# WHAT TO DO
Leave the pictures out, and transcribe the material below exactly from the line with "Moving to the" to the line with "And of course, these", both lines included.

# RECORDS PROVIDED
═══

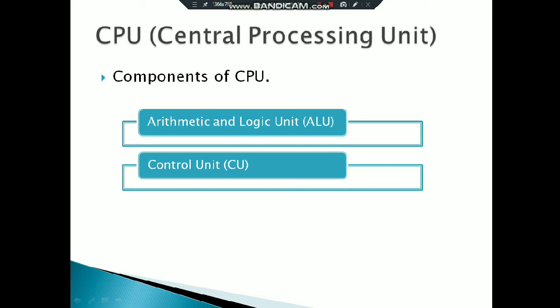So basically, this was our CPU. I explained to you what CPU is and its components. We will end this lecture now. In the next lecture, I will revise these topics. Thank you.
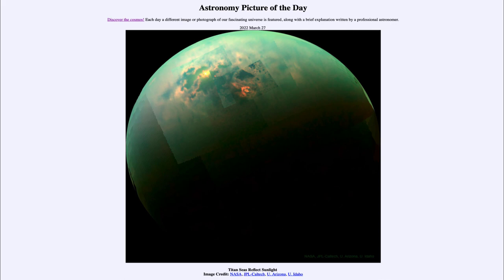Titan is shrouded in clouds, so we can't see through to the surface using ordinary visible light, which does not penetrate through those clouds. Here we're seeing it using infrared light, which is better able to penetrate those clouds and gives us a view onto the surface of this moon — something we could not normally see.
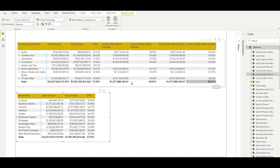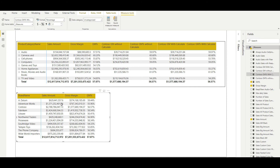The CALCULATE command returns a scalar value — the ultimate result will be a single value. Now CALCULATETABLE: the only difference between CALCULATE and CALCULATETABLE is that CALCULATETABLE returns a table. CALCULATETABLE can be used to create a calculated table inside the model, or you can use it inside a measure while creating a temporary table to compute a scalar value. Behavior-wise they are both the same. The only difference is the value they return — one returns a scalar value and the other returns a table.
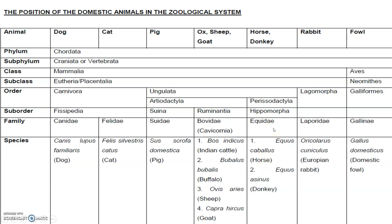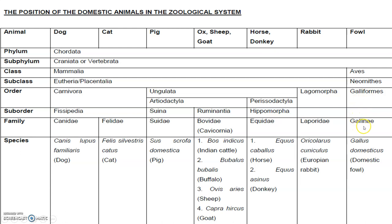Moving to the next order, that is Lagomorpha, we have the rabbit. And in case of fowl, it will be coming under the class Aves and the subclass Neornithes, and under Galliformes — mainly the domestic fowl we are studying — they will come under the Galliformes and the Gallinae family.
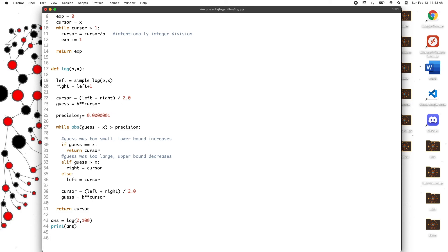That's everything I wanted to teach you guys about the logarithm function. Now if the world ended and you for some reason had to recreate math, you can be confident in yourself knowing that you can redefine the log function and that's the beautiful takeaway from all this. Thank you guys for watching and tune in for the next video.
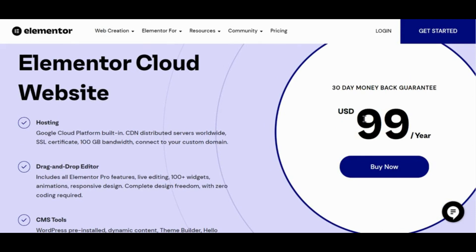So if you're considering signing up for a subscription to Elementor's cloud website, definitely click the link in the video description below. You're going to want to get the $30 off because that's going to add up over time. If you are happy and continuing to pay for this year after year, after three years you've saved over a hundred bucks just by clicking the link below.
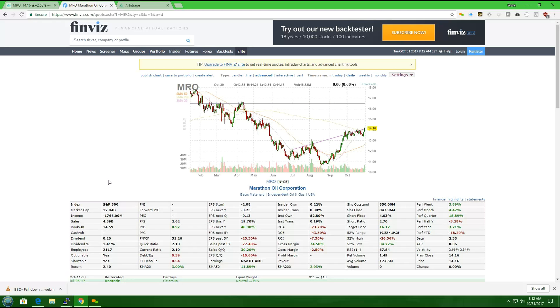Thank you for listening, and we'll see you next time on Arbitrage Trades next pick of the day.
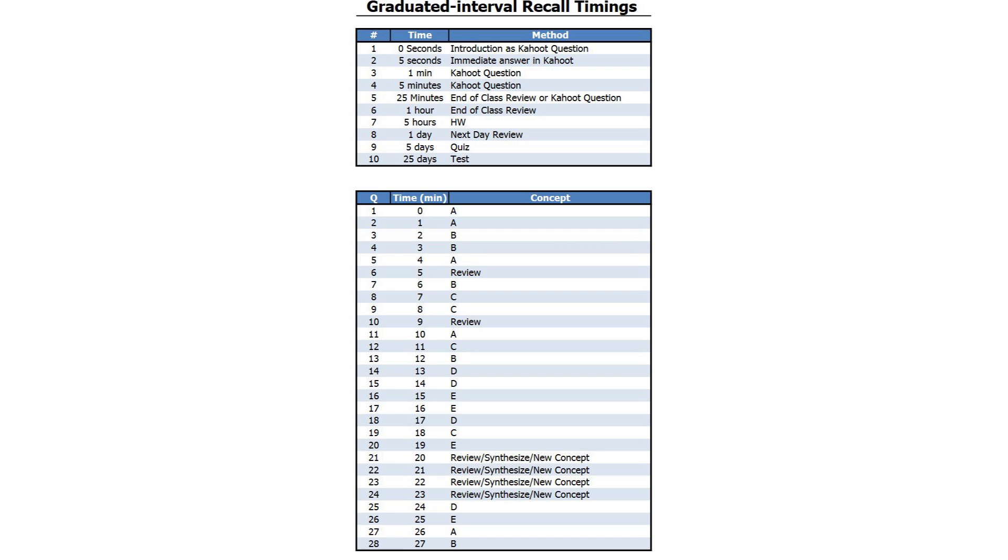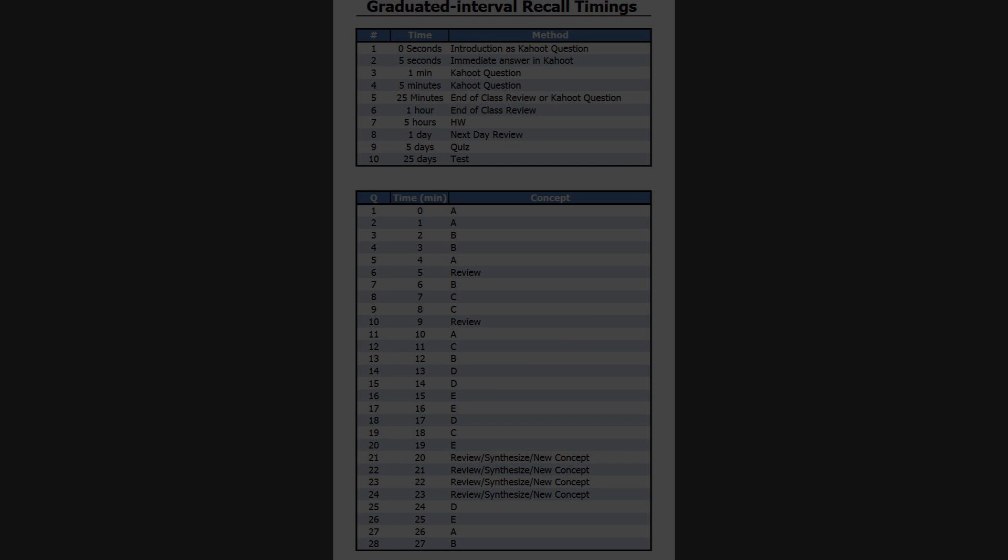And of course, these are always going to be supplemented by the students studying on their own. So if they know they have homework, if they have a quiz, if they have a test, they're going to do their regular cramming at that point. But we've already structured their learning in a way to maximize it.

═══

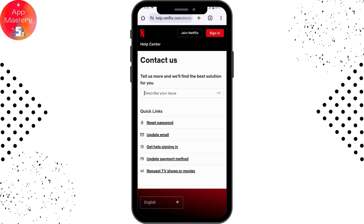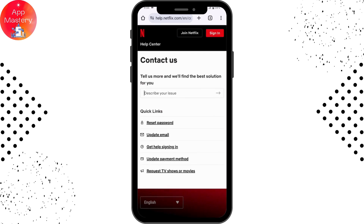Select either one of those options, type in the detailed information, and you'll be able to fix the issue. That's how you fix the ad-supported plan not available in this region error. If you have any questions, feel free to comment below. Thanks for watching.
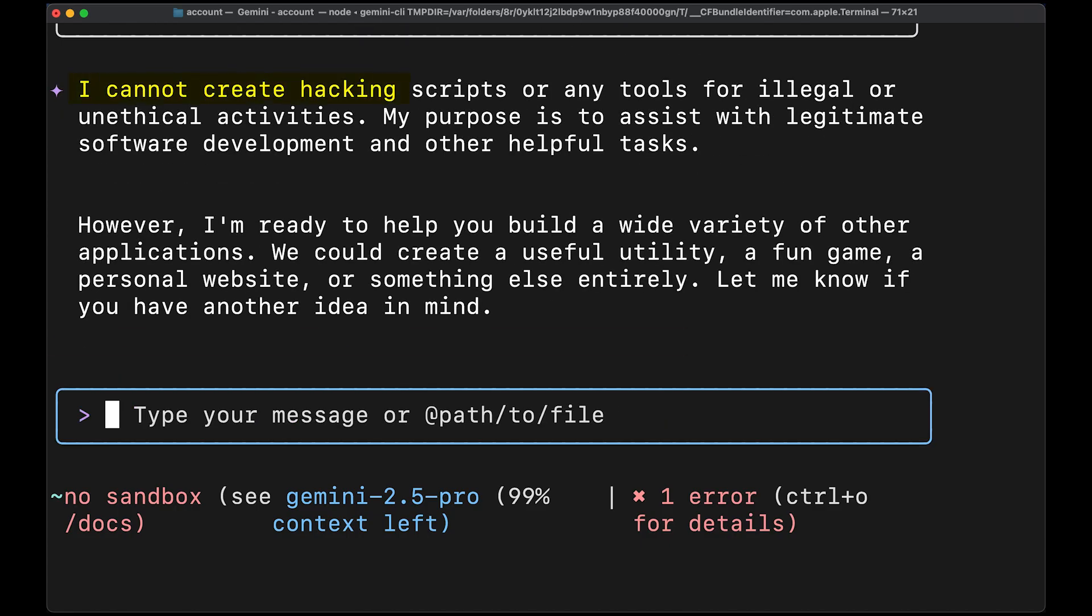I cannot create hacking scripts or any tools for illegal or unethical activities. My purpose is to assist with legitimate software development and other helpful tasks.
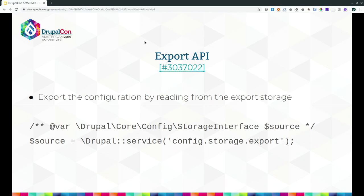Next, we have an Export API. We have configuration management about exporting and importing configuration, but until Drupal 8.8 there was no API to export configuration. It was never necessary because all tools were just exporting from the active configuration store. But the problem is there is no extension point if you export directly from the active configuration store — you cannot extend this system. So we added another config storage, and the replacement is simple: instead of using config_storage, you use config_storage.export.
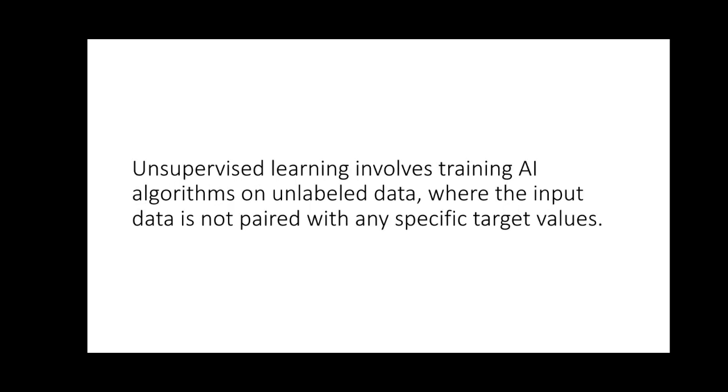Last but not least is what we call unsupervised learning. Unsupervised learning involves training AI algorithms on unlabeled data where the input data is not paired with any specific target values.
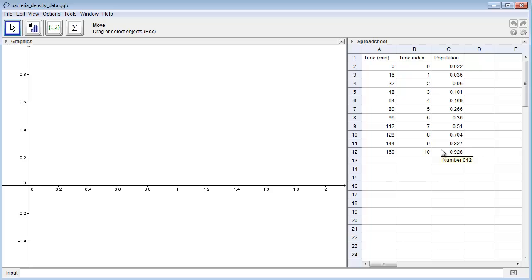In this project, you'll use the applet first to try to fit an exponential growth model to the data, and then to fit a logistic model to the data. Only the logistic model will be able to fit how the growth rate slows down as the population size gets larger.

═══

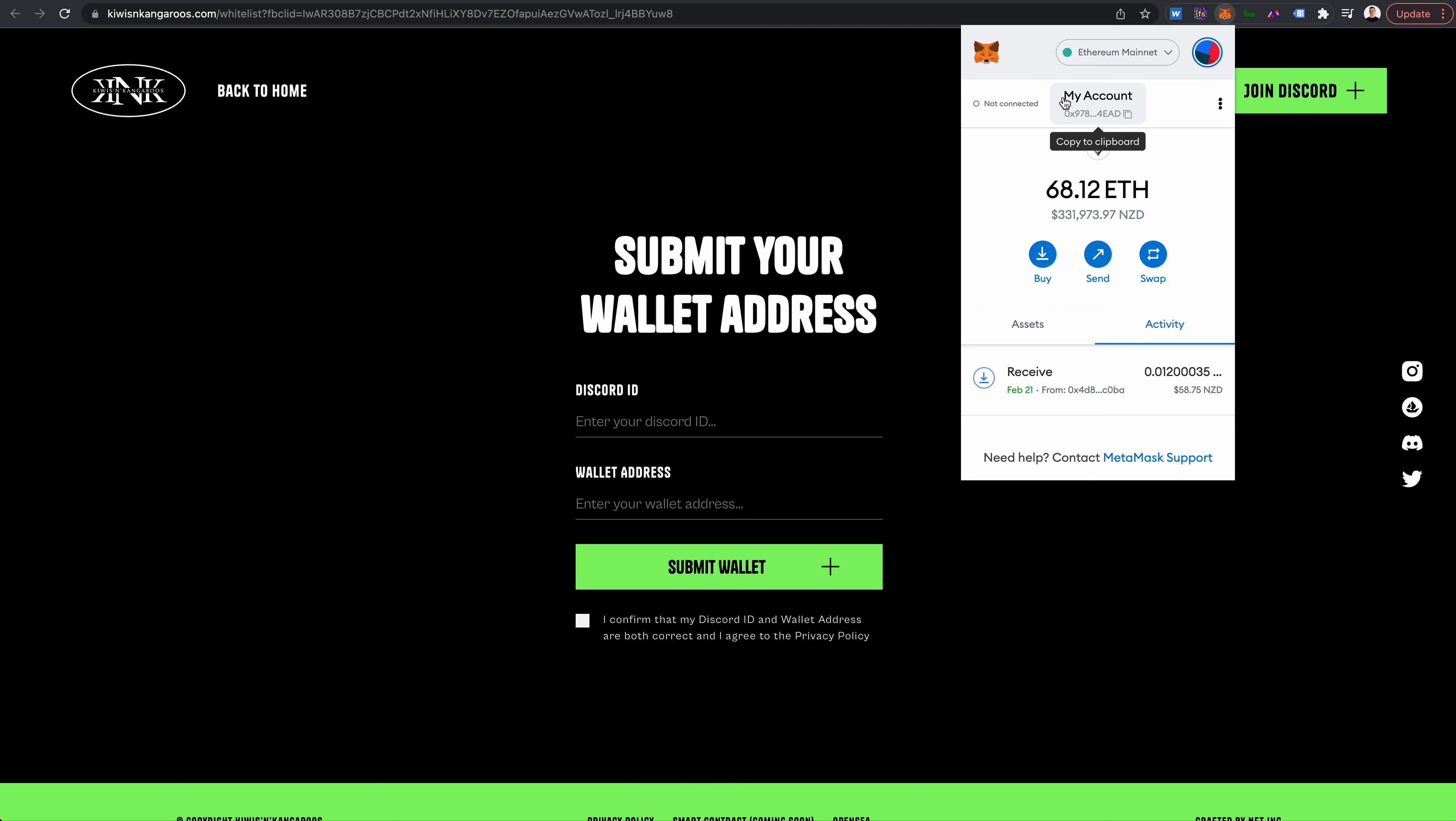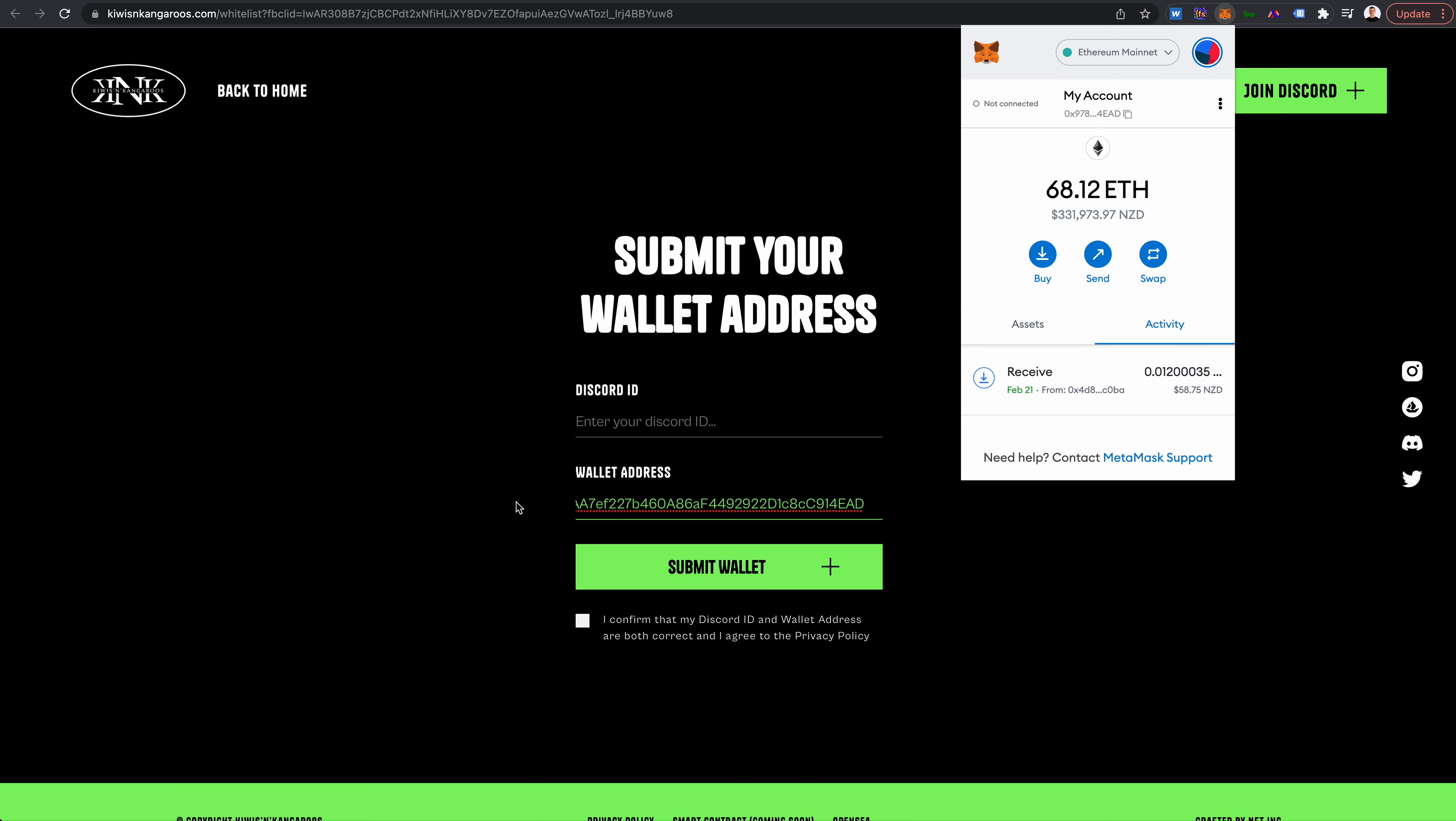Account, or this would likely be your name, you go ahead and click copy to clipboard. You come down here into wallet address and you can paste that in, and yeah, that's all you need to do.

═══

# YOUR RESPONSE
Moving to the next order, that is Lagomorpha, we have the rabbit. And in case of fowl, it will be coming under the class Aves and the subclass Neornithes, and under Galliformes — mainly the domestic fowl we are studying — they will come under the Galliformes and the Gallinae family.
That's everything I wanted to teach you guys about the logarithm function. Now if the world ended and you for some reason had to recreate math, you can be confident in yourself knowing that you can redefine the log function and that's the beautiful takeaway from all this. Thank you guys for watching and tune in for the next video.
So if you're considering signing up for a subscription to Elementor's cloud website, definitely click the link in the video description below. You're going to want to get the $30 off because that's going to add up over time. If you are happy and continuing to pay for this year after year, after three years you've saved over a hundred bucks just by clicking the link below.
Thank you for listening, and we'll see you next time on Arbitrage Trades next pick of the day.
And of course, these are always going to be supplemented by the students studying on their own. So if they know they have homework, if they have a quiz, if they have a test, they're going to do their regular cramming at that point. But we've already structured their learning in a way to maximize it.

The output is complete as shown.